Only time will indicate in the long run the rationale behind demonetization. Till then we can console ourselves that this move has given us innovative practices to adjust to the barter system way of business, which show the never die attitude of the masses who will to overcome any hurdle as quoted by the Noble Laureate Prof.Sen “Good Policies sometimes cause pain, but whatever causes pain- no matter how intense-is not necessarily a good policy”.

In every ideal democracy, i.e a ‘Welfare State”, the government will always take steps and measures which are necessary for the welfare of the people. It will be too early to adjudicate the effect of the demonetization decision of the Government because Monetary and Economic Policies are generally planned for seeking long term gains and therefore they are implemented in phase wise manner. Therefore, demonetization decision is only one of the several steps of a larger economic measure which the Government is trying to implement.

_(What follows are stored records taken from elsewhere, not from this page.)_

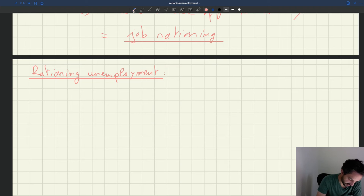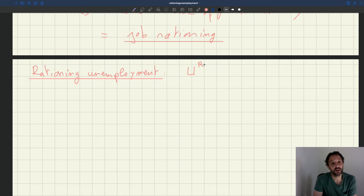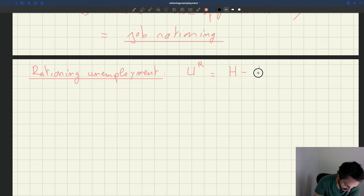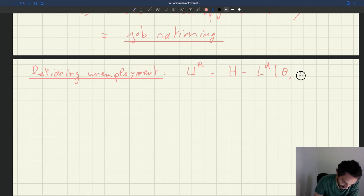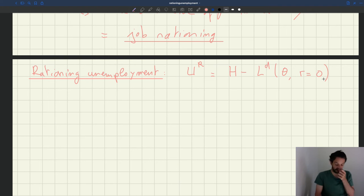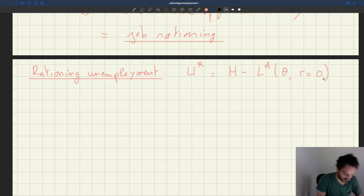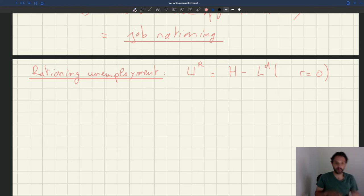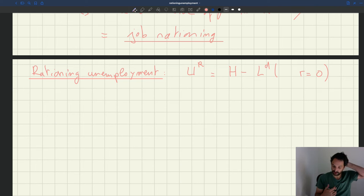We can denote it U with a superscript R for rationing unemployment. It's going to be H, the size of the labor force, minus the labor demand at θ when the recruiting cost R is equal to zero. So basically, it's the gap between the amount of workers in the labor force who want to work and the labor demand when R is equal to zero. And we know that the labor demand doesn't depend on θ.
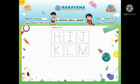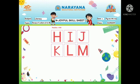See, this is the page. Here you have to trace from H to M. See, these all are uppercase letters. I have already done the tracing.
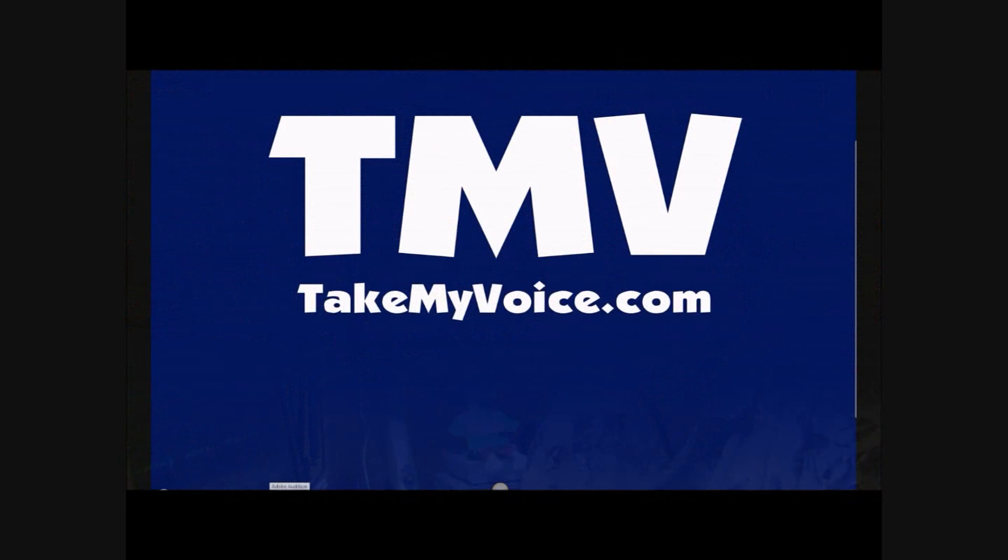Hey everybody, it's me Scooter. Welcome back to the studio and welcome to the first of the Adobe Audition basics. Today we're going to be starting with record, edit, and save.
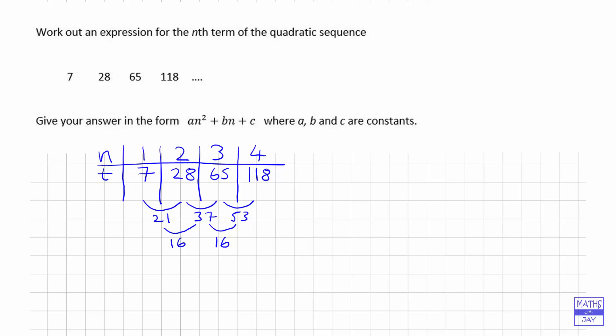That number is going to give us the coefficient of n² in the formula. All we need to do with that number is divide it by 2, and that gives us the coefficient of n². So we know that our formula is going to start off 8n².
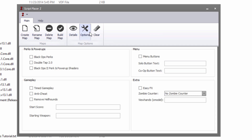Once you've done that, click the Options tab. You can play around here, but once you've checked things off, it's built into the script and it'd be extremely annoying to remove later. So pre-plan your map and make sure you want things — especially perks and power-ups. I'm going to select Black Ops 2 Perk Shaders, Double Tap 2.0, and Black Ops Perks. You can change menu buttons as well. For the zombie counter, we're going to do that ourselves so I won't check that.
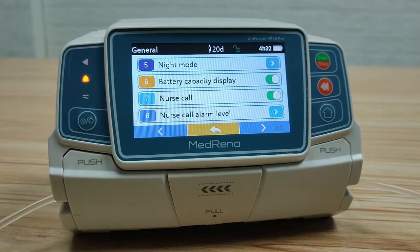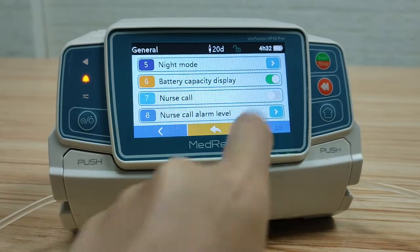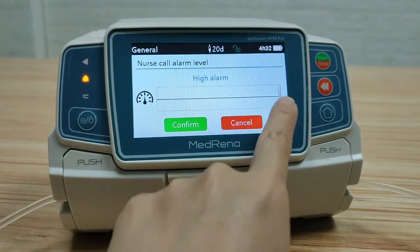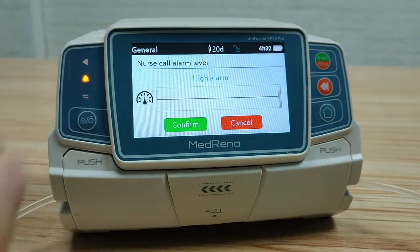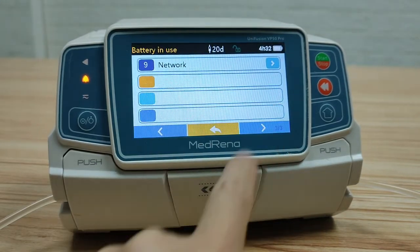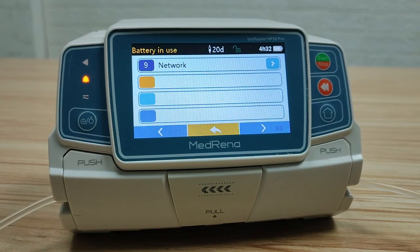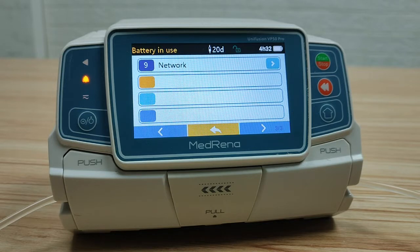Nurse call: choose on where this function is needed; there are three alarm levels for choosing. Network: this is for setting the connection between the pump and other pump docking stations or an infusion management system. We have detailed instructions about network connection — please contact us if required.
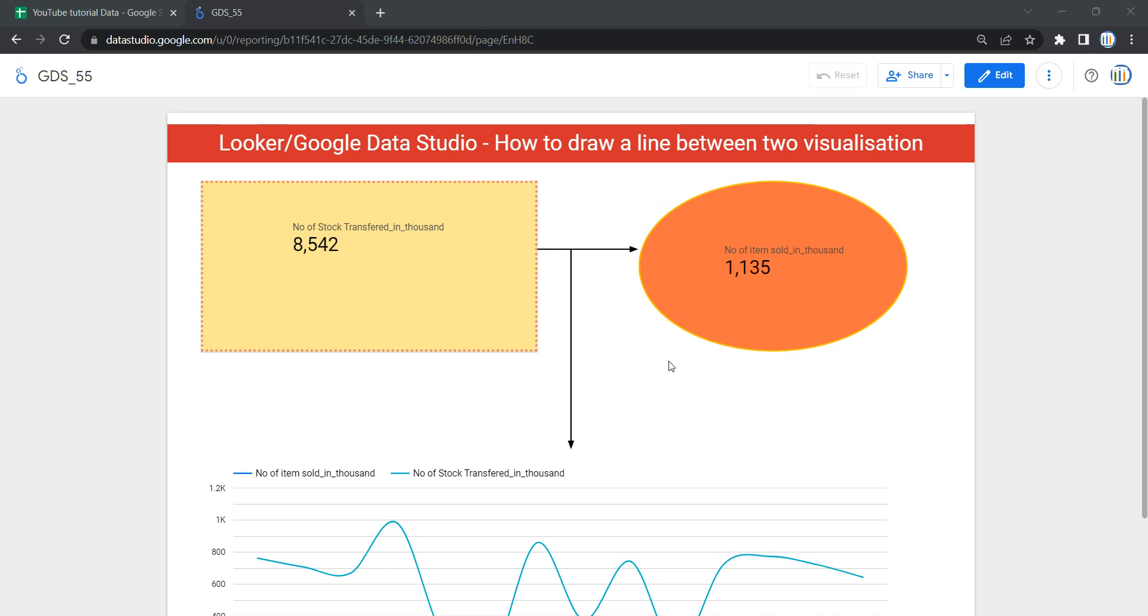Hey everyone, welcome to Data Millennials. I'm Atul and in this video we are going to see how we can draw a line between two or more than two visualizations created in Data Studio or Looker. So let's go and see what we are talking about.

Lastly, Demonetization decision has certainly proven beneficial in terms of eradicating the counterfeit and duplicate notes from the economy. But when it comes to eradicating black money, this decision needs to supported by taking additional steps like imposing stringent tax laws and action against the benami properties and more emphasis on cashless transactions. Only then it will have the desired impact.

The Hon’ble Prime Minister has declared his intention to take these actions and the Finance Minister has also hinted of taking steps in promoting cashless transactions. Therefore, the success or the failure of this policy is dependent on further additional steps.

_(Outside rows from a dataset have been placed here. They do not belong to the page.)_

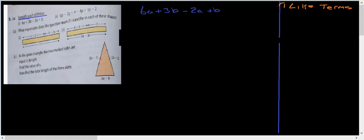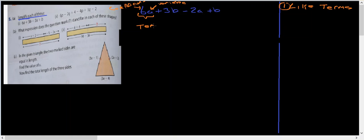The first thing you want to do is identify like terms. Looking at the first term, remember the number part is called the coefficient and the letter part is called the variable — together they form the term. So taking 6a, we look for any other terms with 'a' as the variable. We have 6a and minus 2a — these two are like terms.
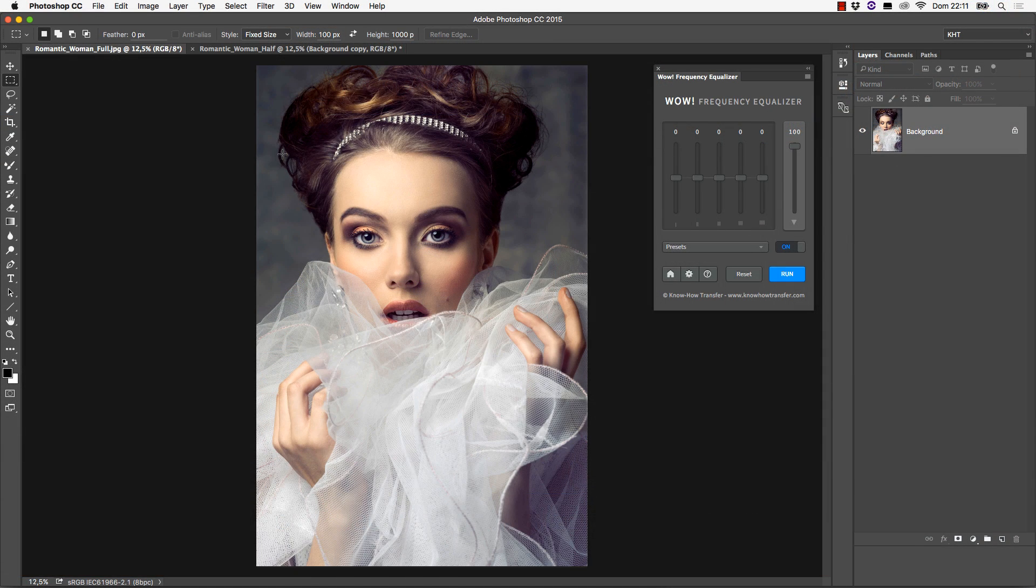In this tutorial we show the basic use of WOW Frequency Equalizer. We're going to work on the same image we used in the previous tutorial, where the principle of frequency separation was explained.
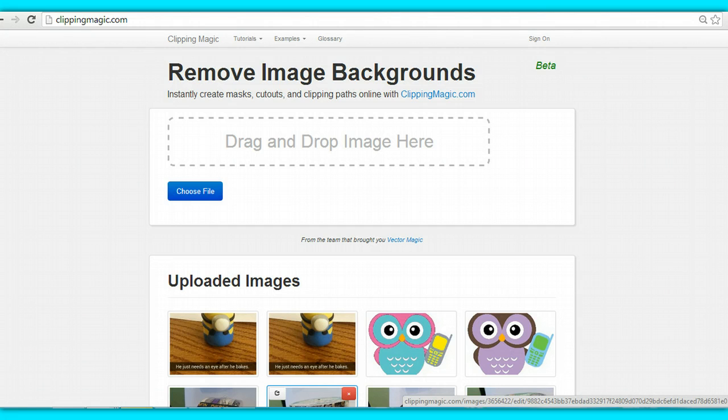Hi everyone! This is Danielle Delfanian, independent designer number 5726 with Origami Owl. I just wanted to do a quick video not only for my team, but for anyone who is looking for a method to remove the background on their photos.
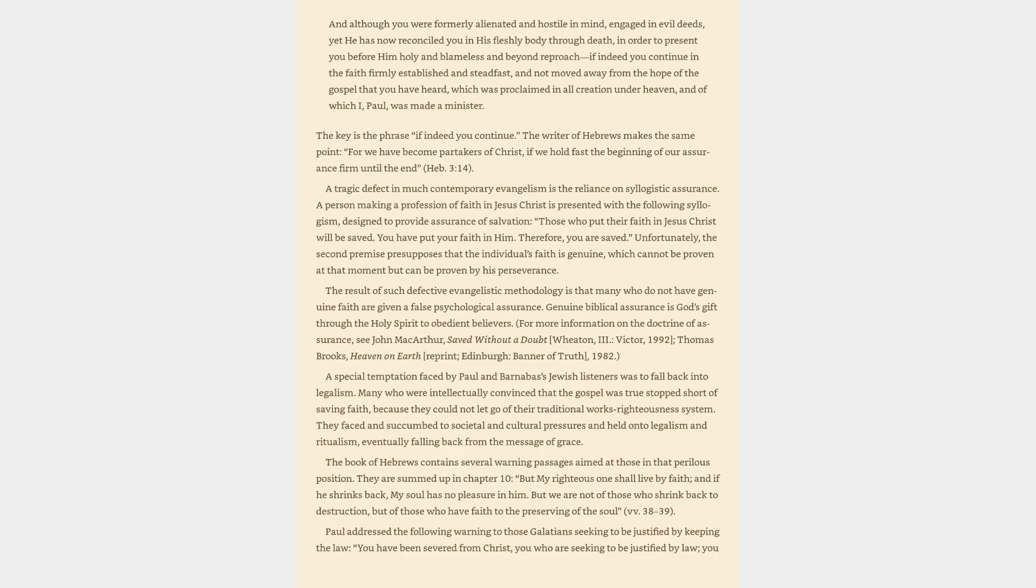The result of such defective evangelistic methodology is that many who do not have genuine faith are given a false psychological assurance. Genuine biblical assurance is God's gift through the Holy Spirit to obedient believers. For more information on the doctrine of assurance, see John MacArthur, Saved Without a Doubt, Wheaton, Victor, 1992, Thomas Brooks, Heaven on Earth Reprint, Edinburgh, Banner of Truth, 1982.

A cashless future Is the real goal of India's demonetization Move. This is a public sector innovation un thought of in history. A cultural-economic revolution in the making.

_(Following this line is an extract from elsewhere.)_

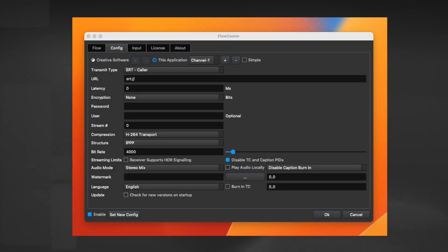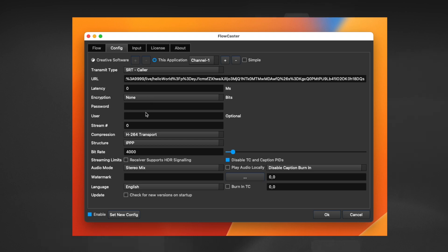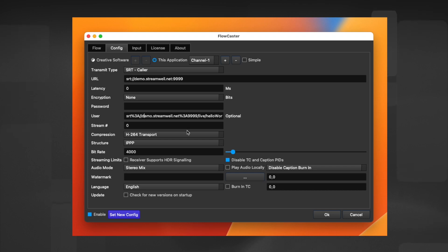Paste the SRT streaming link into Flowcaster and it will automatically format the other fields for you. Just set your encoding settings appropriate for your environment and click Set New Config to automatically start live streaming.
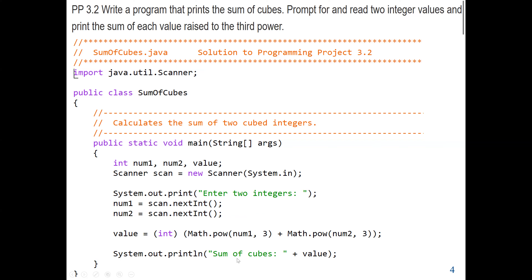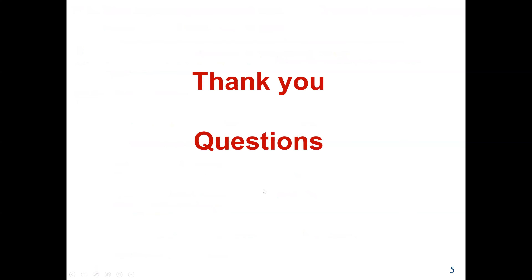That will be the conclusion of this lecture's lab work. Here we learned how to use Java built-in classes. In this second question, we learned the Math class with the pow method. Wishing everybody the best, and see you in the next lecture.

The biggest problem with India suddenly removing 86% of its currency notes without having an adequate supply of new notes ready to take their place is that fact that India is more reliant on cash than almost any other country on earth. Suddenly, hundreds of millions of people were left without the means to engage economically, to buy the things they wanted and myriad businesses were left without a readily available mechanism to receive payment for their goods, to buy supplies, or pay their staff.

Transitioning India to a cashless economy.
Until this campaign, India was an incredibly cash-centric economy. Cash accounted for upwards of 95% of all transactions, 90% of vendors didn’t have card readers or the means of accepting electronic payments, 85% of workers were paid in cash, and almost half of the population didn’t even have bank accounts. Even Uber in India accepted cash — the only country in the world where this option is available — and “Cash on Delivery” was the preferred choice of 70% of all online shoppers.

By temporarily turning off the cash economy, India hoped that more people could be brought into the fold by using track-able, and taxable and digital financing vehicles, like debit cards and e-wallets.

Our position is that everybody should have a bank account and everybody should be transacting through that, but it is going to take some time for you to invest before you can say let's go completely cashless. However, reservations about the timing of India’s big cashless push at this point are irrelevant. It’s happening, ready or not. New bank accounts are being opened at a heightened rate, e-payment services are seeing rapid growth, cash-on-delivery in e-commerce has crashed and digitally-focused sectors like the online grocery business have started booming. Even the vegetable vendors on the streets have opened up Paytm accounts and they have a machine outside their shop where someone can scan the bar code and make the payment.

A lot more retail outlets are accepting e-wallets, including my laundry provider and dabbawalla. This is a revolutionary move and survival of the fittest.